Located in Yorkshire, between Bolton Abbey and the Barden Tower, a tiny stream coming down the mountain looks innocent enough, however, it is not. It is about six feet across and is known as Bolton Strid – by locals as simply “The Strid.” Innocent looks aside, below the beauty of this stream lies a deep abyss with undercurrents so powerful that anyone who accidentally falls in will meet with certain death. Legend says that no one who has ever fallen in has ever survived – in fact, no body has ever been recovered.
In order to comprehend how this tiny mountain stream could be so dangerous, you must walk upstream just a bit. In less than 300 feet, the tiny stream becomes a river of more than a 30-foot width. This is the River Wharfe that runs through the town of Yorkshire. Where it meets Bolton Abbey, however, it is forced through a very narrow gap, causing the tiny mountain stream you saw just moments before. This force causes the water to gain speed and enormously increases its depths. This narrow strip is, however, merely an illusion, as the banks on both sides are undercut, invisible to onlookers. Underneath, hidden in these waters are tunnels and caverns which hold all the water of the river and, to this day, no one knows the exact depth of the Strid.

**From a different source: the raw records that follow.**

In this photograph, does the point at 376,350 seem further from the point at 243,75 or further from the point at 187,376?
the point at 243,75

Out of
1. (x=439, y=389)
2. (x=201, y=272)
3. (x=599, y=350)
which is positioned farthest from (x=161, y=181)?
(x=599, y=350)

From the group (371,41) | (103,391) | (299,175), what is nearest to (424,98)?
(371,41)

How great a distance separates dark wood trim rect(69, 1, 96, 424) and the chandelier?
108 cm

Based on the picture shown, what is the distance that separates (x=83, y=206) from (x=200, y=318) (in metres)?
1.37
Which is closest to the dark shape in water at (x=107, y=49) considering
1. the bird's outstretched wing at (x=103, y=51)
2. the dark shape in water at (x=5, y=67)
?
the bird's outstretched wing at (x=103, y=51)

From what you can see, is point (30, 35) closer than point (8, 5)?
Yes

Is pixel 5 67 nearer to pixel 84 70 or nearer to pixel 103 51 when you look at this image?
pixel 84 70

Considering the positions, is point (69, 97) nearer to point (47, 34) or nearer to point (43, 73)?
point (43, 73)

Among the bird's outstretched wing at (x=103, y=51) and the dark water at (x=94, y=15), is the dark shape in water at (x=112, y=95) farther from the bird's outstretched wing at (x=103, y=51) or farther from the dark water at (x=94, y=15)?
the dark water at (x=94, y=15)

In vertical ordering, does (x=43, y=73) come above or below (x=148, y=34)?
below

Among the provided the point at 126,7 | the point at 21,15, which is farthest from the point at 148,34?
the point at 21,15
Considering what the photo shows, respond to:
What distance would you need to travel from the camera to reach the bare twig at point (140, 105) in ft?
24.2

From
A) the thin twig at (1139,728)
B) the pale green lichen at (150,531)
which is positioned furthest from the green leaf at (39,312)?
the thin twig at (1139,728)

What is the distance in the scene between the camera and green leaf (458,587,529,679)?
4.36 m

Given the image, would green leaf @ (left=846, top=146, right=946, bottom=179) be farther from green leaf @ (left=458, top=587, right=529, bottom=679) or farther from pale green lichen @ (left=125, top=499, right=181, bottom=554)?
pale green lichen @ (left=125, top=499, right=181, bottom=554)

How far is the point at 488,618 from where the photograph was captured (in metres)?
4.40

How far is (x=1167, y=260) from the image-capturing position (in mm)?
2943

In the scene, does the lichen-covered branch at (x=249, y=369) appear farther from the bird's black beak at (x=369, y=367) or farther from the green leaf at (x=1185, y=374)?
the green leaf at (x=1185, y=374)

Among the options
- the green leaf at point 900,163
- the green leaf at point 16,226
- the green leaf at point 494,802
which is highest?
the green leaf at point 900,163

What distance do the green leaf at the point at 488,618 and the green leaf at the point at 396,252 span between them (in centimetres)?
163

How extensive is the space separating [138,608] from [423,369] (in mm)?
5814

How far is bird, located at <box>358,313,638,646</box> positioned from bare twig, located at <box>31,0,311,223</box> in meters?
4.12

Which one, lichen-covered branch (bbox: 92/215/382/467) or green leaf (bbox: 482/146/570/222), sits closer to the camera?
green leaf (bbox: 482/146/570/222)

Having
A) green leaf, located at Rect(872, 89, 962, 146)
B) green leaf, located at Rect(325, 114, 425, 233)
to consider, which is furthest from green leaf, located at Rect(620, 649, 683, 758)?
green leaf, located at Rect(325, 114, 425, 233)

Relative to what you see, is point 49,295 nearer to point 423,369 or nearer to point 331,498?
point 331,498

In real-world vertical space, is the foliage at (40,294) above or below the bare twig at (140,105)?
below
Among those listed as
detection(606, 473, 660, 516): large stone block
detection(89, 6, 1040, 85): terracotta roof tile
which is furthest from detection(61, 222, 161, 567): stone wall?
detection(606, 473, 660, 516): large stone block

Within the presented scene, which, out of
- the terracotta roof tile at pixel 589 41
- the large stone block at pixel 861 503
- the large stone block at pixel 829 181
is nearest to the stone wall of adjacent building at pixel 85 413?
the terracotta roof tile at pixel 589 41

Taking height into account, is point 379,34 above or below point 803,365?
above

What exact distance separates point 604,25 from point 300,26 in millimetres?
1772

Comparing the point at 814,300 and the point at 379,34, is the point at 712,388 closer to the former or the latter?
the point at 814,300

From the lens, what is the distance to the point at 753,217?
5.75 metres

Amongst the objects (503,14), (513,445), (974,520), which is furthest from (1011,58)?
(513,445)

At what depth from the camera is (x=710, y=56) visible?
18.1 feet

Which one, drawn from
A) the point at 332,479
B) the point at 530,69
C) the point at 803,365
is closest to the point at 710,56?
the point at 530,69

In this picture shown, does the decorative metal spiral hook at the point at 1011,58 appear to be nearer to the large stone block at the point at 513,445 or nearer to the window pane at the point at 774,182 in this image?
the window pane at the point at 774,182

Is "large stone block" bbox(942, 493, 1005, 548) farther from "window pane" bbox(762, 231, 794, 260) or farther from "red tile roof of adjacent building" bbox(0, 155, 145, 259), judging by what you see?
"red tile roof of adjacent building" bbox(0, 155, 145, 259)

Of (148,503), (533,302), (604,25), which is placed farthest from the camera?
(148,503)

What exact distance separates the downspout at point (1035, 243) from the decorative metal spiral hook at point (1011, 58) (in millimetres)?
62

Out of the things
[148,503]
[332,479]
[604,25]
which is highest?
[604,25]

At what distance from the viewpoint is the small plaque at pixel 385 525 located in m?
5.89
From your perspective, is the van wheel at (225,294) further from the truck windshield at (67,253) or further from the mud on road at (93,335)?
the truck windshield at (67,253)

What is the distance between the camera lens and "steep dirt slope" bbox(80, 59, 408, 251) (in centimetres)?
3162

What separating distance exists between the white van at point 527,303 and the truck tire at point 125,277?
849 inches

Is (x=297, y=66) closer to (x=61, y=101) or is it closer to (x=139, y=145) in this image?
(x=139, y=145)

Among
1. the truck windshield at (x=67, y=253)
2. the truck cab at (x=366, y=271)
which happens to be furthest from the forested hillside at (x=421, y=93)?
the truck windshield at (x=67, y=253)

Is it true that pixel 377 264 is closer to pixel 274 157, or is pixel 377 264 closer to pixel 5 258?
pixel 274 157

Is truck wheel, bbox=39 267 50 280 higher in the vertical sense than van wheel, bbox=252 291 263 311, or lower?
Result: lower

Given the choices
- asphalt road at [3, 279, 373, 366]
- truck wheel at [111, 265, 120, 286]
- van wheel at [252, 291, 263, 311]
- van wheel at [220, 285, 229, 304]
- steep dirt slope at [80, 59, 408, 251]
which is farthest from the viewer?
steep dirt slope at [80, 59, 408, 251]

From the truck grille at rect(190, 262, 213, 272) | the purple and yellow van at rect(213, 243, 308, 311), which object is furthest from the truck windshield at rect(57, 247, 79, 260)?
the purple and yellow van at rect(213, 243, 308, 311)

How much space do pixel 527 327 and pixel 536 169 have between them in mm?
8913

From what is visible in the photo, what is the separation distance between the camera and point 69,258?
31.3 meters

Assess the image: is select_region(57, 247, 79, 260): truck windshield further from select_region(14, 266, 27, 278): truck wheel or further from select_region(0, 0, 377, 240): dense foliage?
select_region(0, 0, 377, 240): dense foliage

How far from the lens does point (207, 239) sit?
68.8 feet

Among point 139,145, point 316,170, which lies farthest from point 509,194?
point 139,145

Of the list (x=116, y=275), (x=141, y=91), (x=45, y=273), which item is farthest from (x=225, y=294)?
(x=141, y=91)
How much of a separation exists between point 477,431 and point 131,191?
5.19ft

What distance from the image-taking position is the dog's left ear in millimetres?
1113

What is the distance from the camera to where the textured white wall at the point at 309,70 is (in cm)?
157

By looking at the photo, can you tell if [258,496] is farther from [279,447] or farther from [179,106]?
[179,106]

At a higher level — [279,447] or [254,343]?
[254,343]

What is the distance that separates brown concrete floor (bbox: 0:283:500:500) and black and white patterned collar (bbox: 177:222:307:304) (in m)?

The modesty of the Strid’s surface is quite deceptive. The banks lie so close to one another that it is believed that the name Strid actually comes from the world stride, because the unassuming believe that is all it would take – to simply stride from one side to the other. The stories abound of those whose “guts” outnumbered their glory; people who attempted to jump to the other side and were mercilessly sucked down into the underwater caverns. One such story relates that of the son of Lady Alice de Romilly, who, on a dare from friends, attempted the jump in 1154 but did not make it. Lady Alice, so devastated by her loss, donated the land surrounding Bolton Strid in an effort to establish a monastery, the Bolton Priory.